Disclosing the identity of individuals, failure to treat disclosures with due confidentiality and taking Detrimental Conduct towards a protected Whistleblower (as a result of making a report) are crimes. Mulpha does not
tolerate any attempts to retaliate against individuals who have made  reports. Any employee found to have instigated Detrimental Conduct against a Whistleblower will face disciplinary action. Detrimental Conduct
includes any of the following:

  • dismissal of an employee;
  • harm or injury of an employee, including psychological harm;
  • alteration of an employee’s position or duties to his or her disadvantage;
  • discrimination between an employee and other employees of the same employer;
  • harassment or intimidation of a person;
  • damage to a person’s property, reputation or financial position; and
  • any other damage to a person.


If a Whistleblower feels they have been the subject of Detrimental Conduct as a result of their report, they can report this to a Mulpha Whistleblowing Officer for investigation. Where founded, appropriate action will be
taken. Individuals alleging Detrimental Conduct may seek compensation and other remedies through the courts and are encouraged to seek independent legal advice.


All reports of alleged misconduct will be investigated in a confidential and discreet manner. Investigations will adhere to the principles of  independence, objectivity, confidentiality and natural justice. Each instance of alleged misconduct will be investigated by the Group Internal Audit & Risk Manager, with the assistance of subject matter experts as and when required. This may include involvement of senior management from Human Resources, Legal, Compliance and Company Secretariat.
Where the identity of the Whistleblower is known, the investigating officer may request additional information or a written statement to assist in the collation of facts and substantiation of claims. Where an allegation is substantiated, Mulpha will take appropriate action. This may include, but is not limited to dismissal, disciplinary action, referral to external authorities, training and internal control enhancement. The outcomes of all whistleblowing investigations will be provided to the Mulpha Board Audit Committee, with the Group Internal Audit & Risk Manager reporting on whistleblowing activities each quarter.

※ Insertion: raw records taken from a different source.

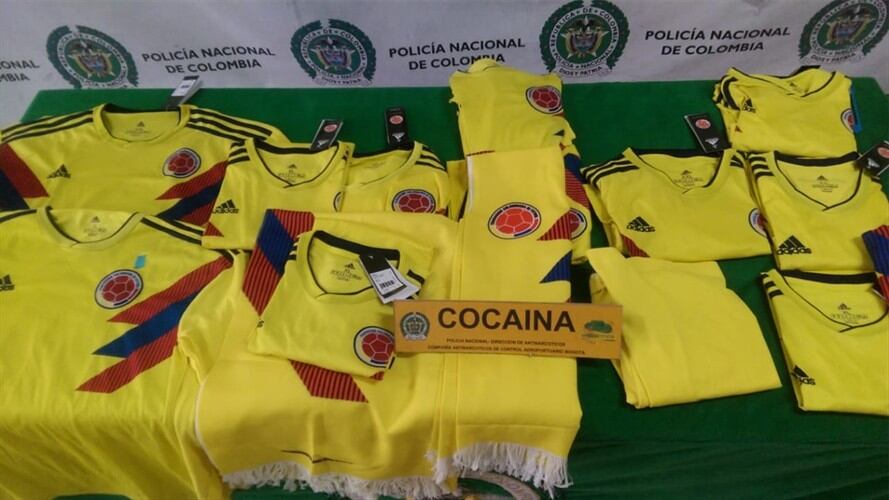 En El Dorado incautan camisetas de la selección Colombia con cocaína. Foto: Policía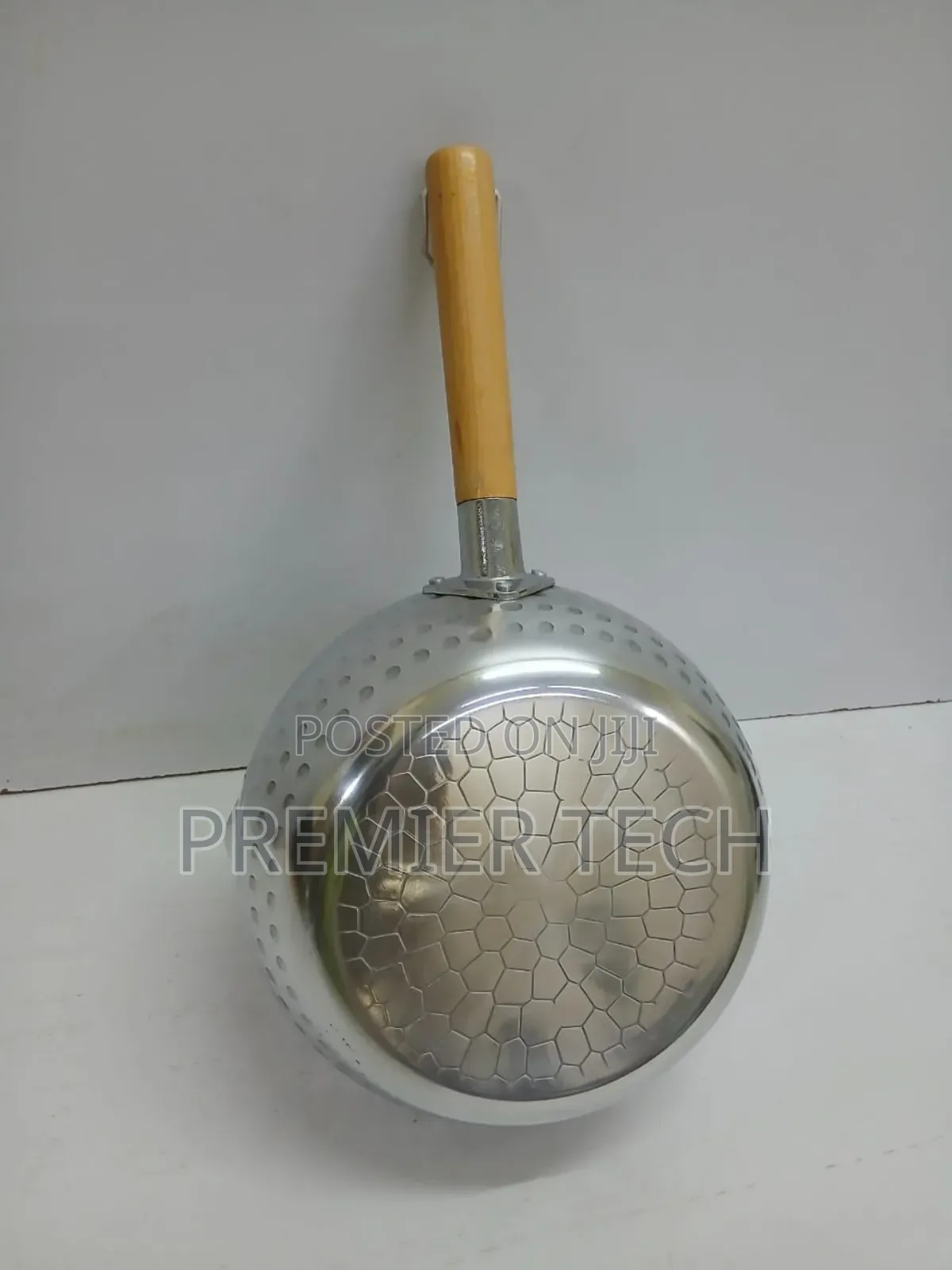 *Stainless Steel Sufuria//Snow// Milk Cookware With Wooden Handle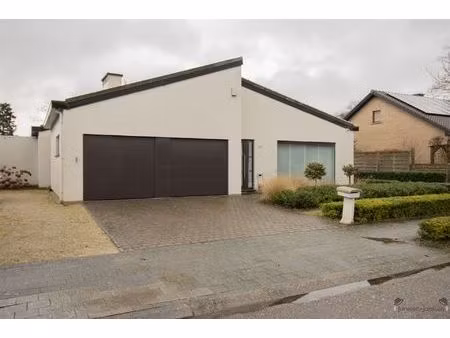 rustig gelegen gelijkvloerse woning met 3 slaapkamers en wellnessruimte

As described above eligible persons who disclose Reportable Conduct in accordance with this Policy qualify for protection under law, including protection of their identity and from Detrimental Conduct, even where the
disclosure turns out to be incorrect, as long such disclosures are made in good faith. However, where an employee is found to have made a report that is malicious, purposefully misleading or deliberately untrue, the
making of the report will be regarded as misconduct and may be subject to disciplinary action.


This policy will be reviewed at least annually or as required if there are material changes to the applicable legal or regulatory framework.
Training is provided to employees about their rights and obligations under this policy including induction training for new starters. The policy is displayed both on Mulpha’s intranet and site noticeboards. This policy
is available on the Mulpha Corporate website.

All queries regarding this Policy should be directed to the Group Internal Audit & Risk Manager.

This Policy was updated following release of the Treasury Laws Amendment (Enhancing Whistleblower Protections) Act 2019 (Whistleblower Protections Act).
The Policy was last reviewed and approved on 29 November 2019.